PAWN...CAPTIVE...QUEEN?

Kitty Doe is a Blackcoat rebel and a former captive with a deadly connection to the most powerful and dangerous man in the country, Prime Minister Daxton Hart. Forced to masquerade as Daxton's niece, Lila Hart, Kitty has helped the Blackcoats take back the prison known as Elsewhere. But Daxton has no intention of ceding his position of privilege—or letting Kitty expose his own masquerade. Not in these United States, where each person's rank means the difference between luxury and poverty, freedom and fear...and ultimately, between life and death.

To defeat the corrupt government, Kitty must expose Daxton's secret. Securing evidence will put others in jeopardy, including the boy she's loved forever and an ally she barely trusts. For months, Kitty's survival has hinged on playing a part. Now she must discover who she truly wants to be, and whether the new world she and the rebels are striving to create has a place in it for her after all.



"Sometimes you have to sacrifice your Queen to capture the King."


Queen is the third and final installment in The Blackcoat Rebellion by author Aimee Carter. The narrator/protagonist continues to be 17-year old Kitty Doe-Hart. I added the last part because, let's be real, using the Doe name alone makes absolutely no sense now. Especially after the revelations about who Kitty's real father and mother were in the previous installment. So, Kitty and her allies in the Blackcoat Rebellion have successfully taken over the prison known as Elsewhere, but it is only a matter of time before Daxton Hart strikes back. 

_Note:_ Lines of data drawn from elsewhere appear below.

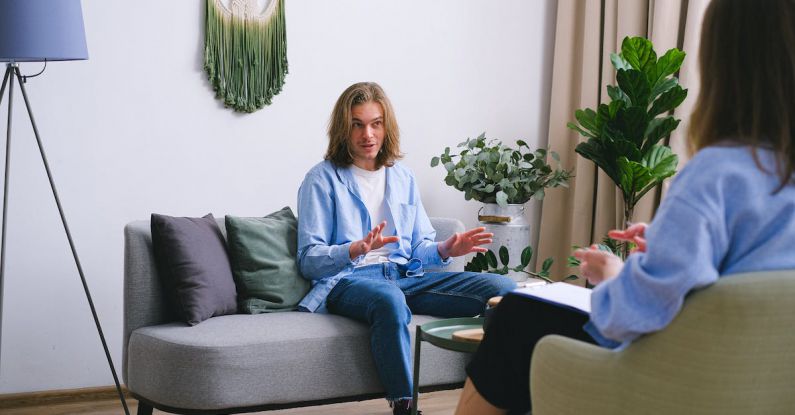Difficult Clients - Worried male patient sitting on couch while having conversation about problems with unrecognizable professional psychologist during psychotherapy appointment in office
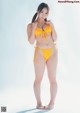 A woman in a yellow bikini posing for a picture.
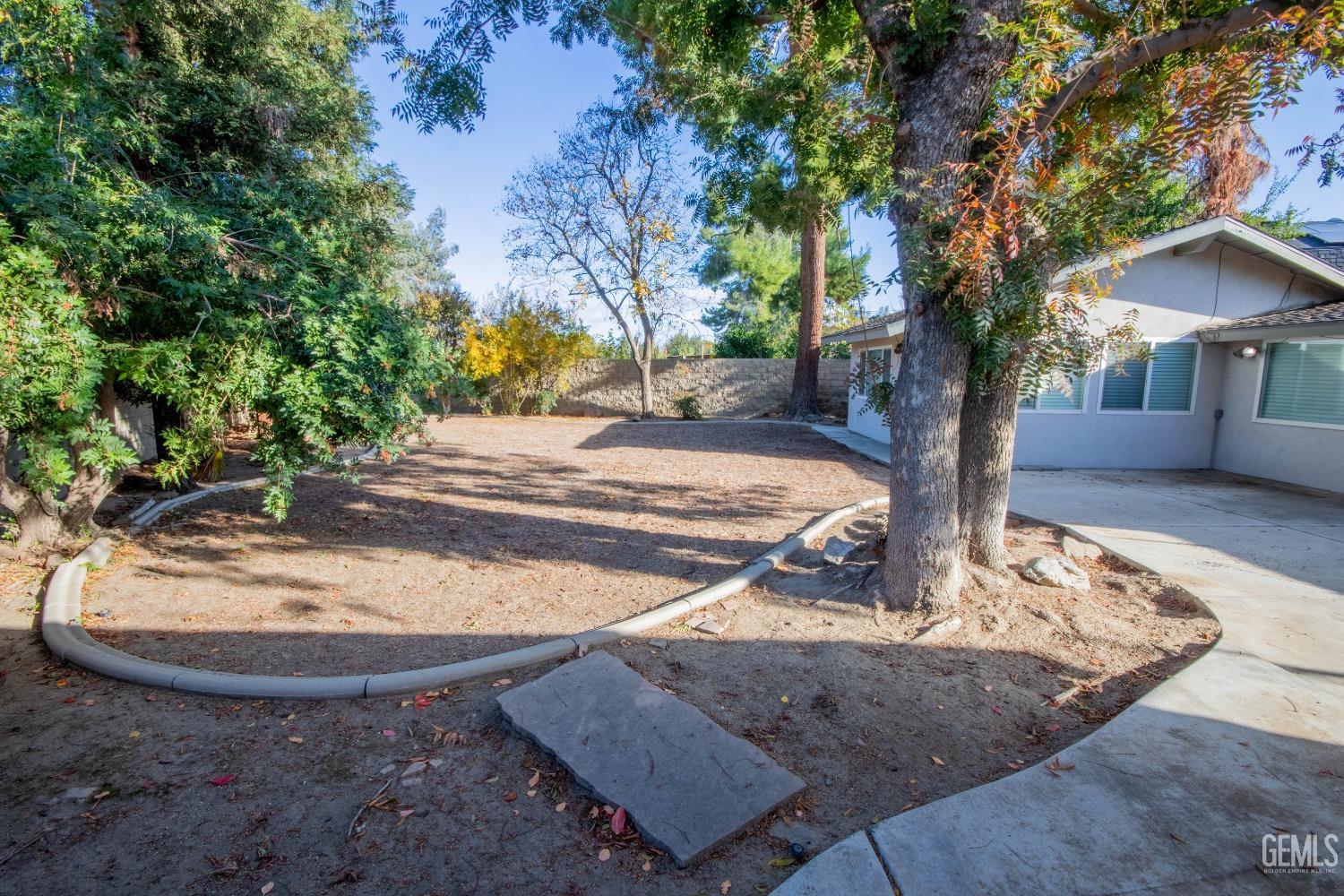 Undisclosed Address Bakersfield, CA 93309 - Photo 28 of 39 a view of a backyard of the house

The world that Carter has created, is a place where a test designates how you are going to spend the rest of your life. You can become a VI, the highest rank for a non-royal, or you could end up a III like Kitty did. This has been the standard for the past 70 years, or ever since the Harts and the Ministers of the Union came to power. Elsewhere is a place where children like Kitty are sent or are born, and are hunted down like animals by those in the Elite class. (Marked with VI, or VII on their necks). 

Kitty and Knox continue to be reluctant allies, but allies for only one reason; the overthrow of the man known as Daxton Hart as the Prime Minister of the country. There is still the question as to what Kitty is supposed to do now that she's helped the Rebellion. She's in a place where some of the residents don't trust her, and others don't know what to do with her except to let her speak to the masses. There is also Lila Hart, the founder of the rebellion. Is she still on the Rebellions side as was revealed in the first novel, or is she being used by Daxton Hart for his own psychotic machinations?

In Pawn, Kitty Doe was taken and surgically transformed (Masked) to look like Lila (the Prime Minister's niece). Lila was supposedly dead, so Kitty took over her life. In Captive she was sent to Elsewhere and held prisoner before helping her "fiance" Lennox Knox over throw the prison and set up camp. One of my regrets about this story, is that we don't really get to see all that much, if anything at all, about Hannah Mercer. Except the ending scene, Hannah all but disappears from the series which is disappointing. 

The other disappointment is the triangle of doom between Kitty, Benji, and Lennox aka Knox Creed. Kitty and Benji are connected because of their past but not the future. How can they be when Benji has his whole world ahead of him since he did extremely well on his testing and was labeled a VI? I understand Kitty hanging onto their friendship while keeping an arms length from Knox. But, I do see other readers points in that Kitty hasn't exactly kicked Knox in the gonads and told him to leave off. There are feelings between the couple, even when they claim otherwise.

I think the most interesting aspect of this story, is the final half of the book when both Kitty, Lila, and Greyson are forced into making life alternating choices thanks to their situations. While I had no actual feelings for Lila, or her mother Celia, their story line is one of regret, sorrow, and missed opportunities. Kitty's final choices in this book and her relationship with Greyson, make sense if you put your self into her shoes, and not just scoff or ridicule her for not doing things you might have done. Kitty isn't a coward by any means. She does what needs to be done in the end, and that is good enough for me.



1 comment:

  1. OOoh nice! I still need to read this one but it feels like ages since I read Captive. I think I've read both books as ARCs, so getting to this final one so late and not as an ARC really threw me! LOL! Usually things come back to me enough once I start. Hoping that remains true for this one! Nice review!